# Feature Engineering

## To do's
- Apply filters
    - Only Shipped order
- Resample products with missing dates
- Create time series basic features:
    - lag
    - moving average
    - min, max window values
    - frequency
    - holidays


## Future
- Group the sales to create new features:
    - total sales
    - product line sales
    - product sales
    - country sales
    - territory sales
    - deal size sales
- Create stacking ensemble model using:
    - ARIMA
    - Prophet
    - Random Forest

In [1]:
import pandas as pd

In [178]:
INDEX_COLUMNS = ['PRODUCTCODE', 'YEAR_MONTH']
PREDICT_LAG = 1

In [148]:
df = pd.read_csv('../data/raw/sales_data_sample.csv', encoding="ISO-8859-1")

### Filters

In [8]:
df_filtered = df[df['STATUS'] == 'Shipped'].copy()

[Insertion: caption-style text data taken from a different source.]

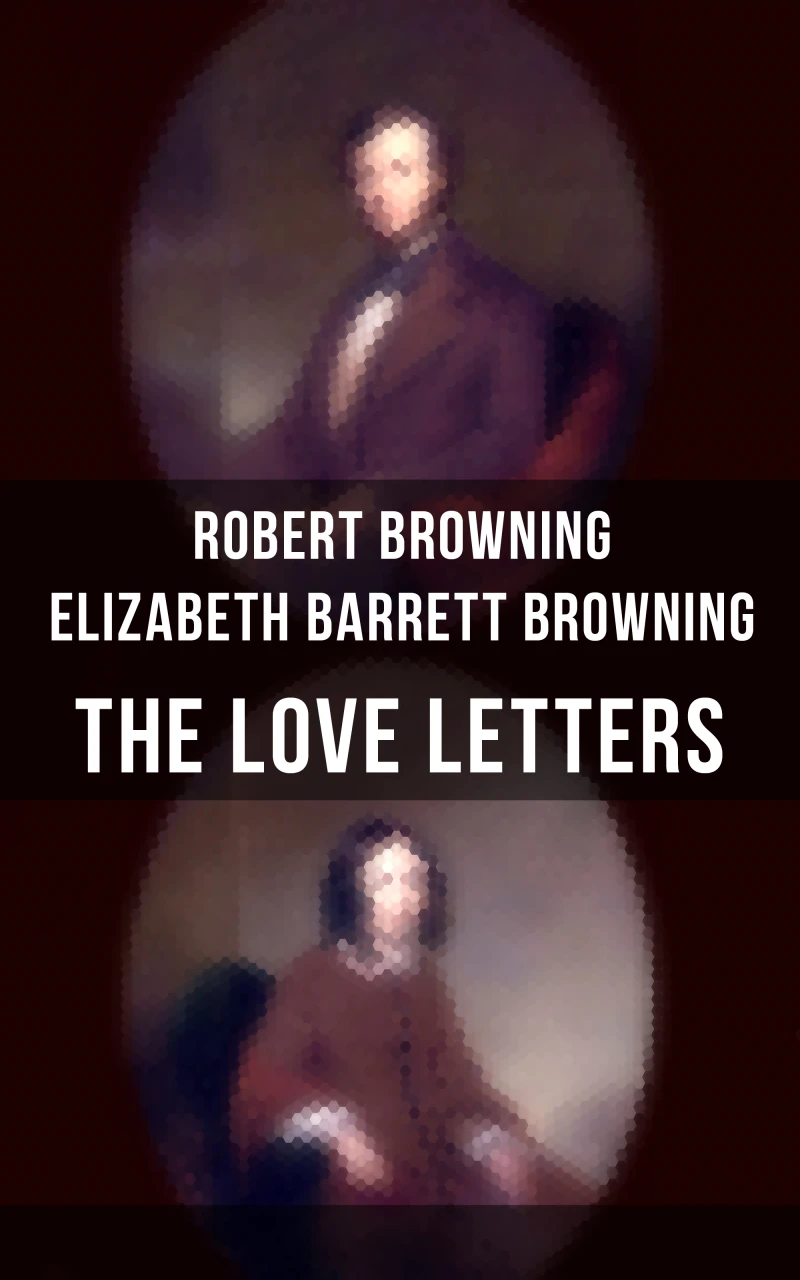 Portada: The Love Letters of Elizabeth Barrett Browning & Robert Browning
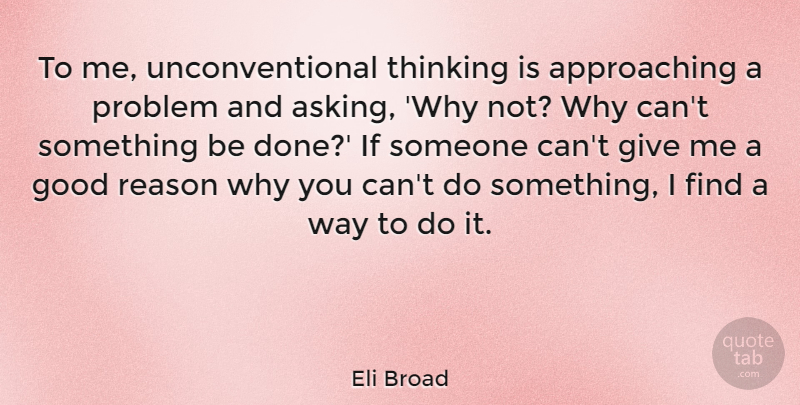 Eli Broad Quote About Good, Reason: To Me Unconventional Thinking Is...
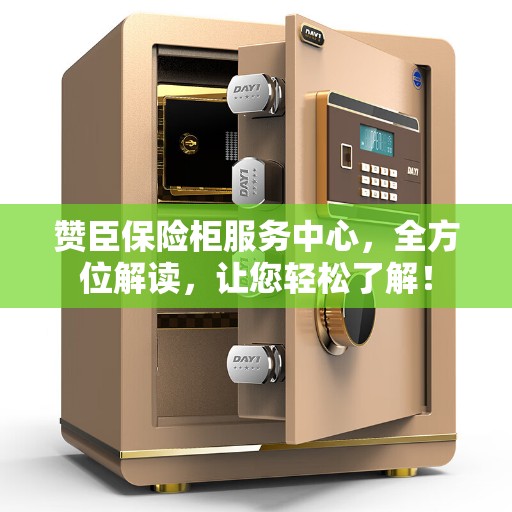 赞臣保险柜服务中心，全方位解读，让您轻松了解！
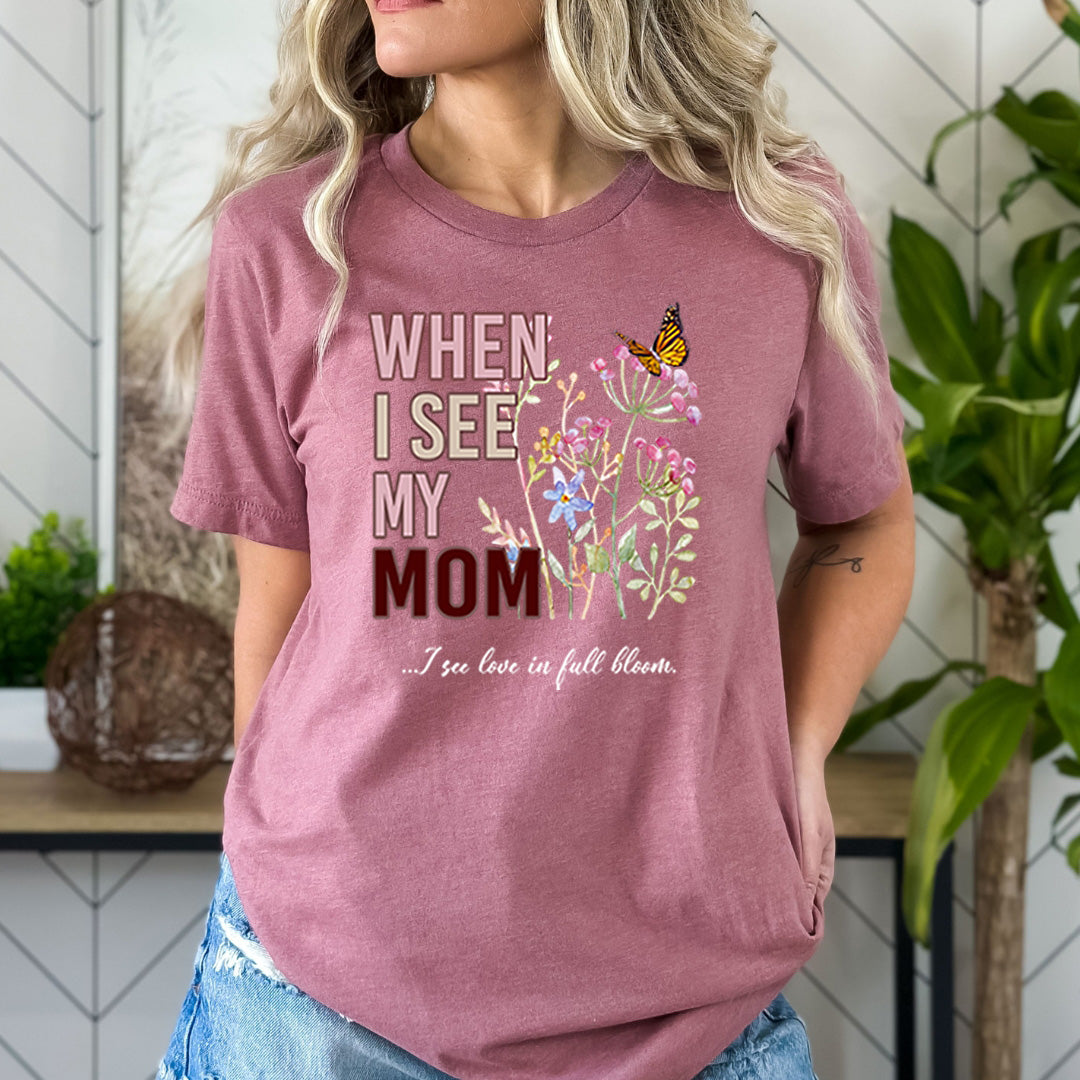 When I see My Mom - Bella Canvas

### Group Sales per product

In [169]:
df_filtered['YEAR_MONTH'] = (df_filtered['MONTH_ID'] 
                                + df_filtered['YEAR_ID'] * 100)
df_filtered['YEAR_MONTH'] = pd.to_datetime(df_filtered['YEAR_MONTH'],
                                              format='%Y%m')
df_filtered['YEAR_MONTH'].value_counts().sort_index()

df_groupped = df_filtered.groupby(
    INDEX_COLUMNS, as_index=False).agg(qt_sales=('QUANTITYORDERED', 'sum'),
                                       vl_sales=('SALES', 'sum'))

### Resample

In [170]:
all_dates = pd.date_range(start=df_groupped['YEAR_MONTH'].min(),
                          end=df_groupped['YEAR_MONTH'].max(), freq='MS'
).to_series(name='YEAR_MONTH')
all_product = pd.Series(df_groupped['PRODUCTCODE'].unique(), name='PRODUCTCODE')

df_resample = pd.merge(all_product, all_dates, how='cross')

df_groupped = df_resample.merge(df_groupped, on=INDEX_COLUMNS,
                                how='left').fillna(0)

### Basic time series features

### Lag

In [172]:
number_of_lags = 12

for lag in range(number_of_lags):
    df_groupped[f'qt_sales_lag_{lag+1}'] = df_groupped.groupby('PRODUCTCODE')[
        'qt_sales'].shift(lag+1)

### Moving Average

$MovingAverage = \frac{1}{k}\sum_{i=n-k+1}^n{p_i}$

Where $p$ represents the observations, $n$ is the number of values in the moving average, and $k$ denotes the initial position of the moving average.

In [179]:
df_groupped['qt_sales_mavg_3'] = df_groupped.groupby('PRODUCTCODE')[
    f'qt_sales_lag_{PREDICT_LAG}'].transform(lambda x: x.rolling(3, 1).mean())
df_groupped['qt_sales_mavg_6'] = df_groupped.groupby('PRODUCTCODE')[
    f'qt_sales_lag_{PREDICT_LAG}'].transform(lambda x: x.rolling(6, 1).mean())

In [183]:
df_groupped.fillna(0, inplace=True)

In [184]:
df_groupped.to_parquet('../data/temp/df_model.parquet')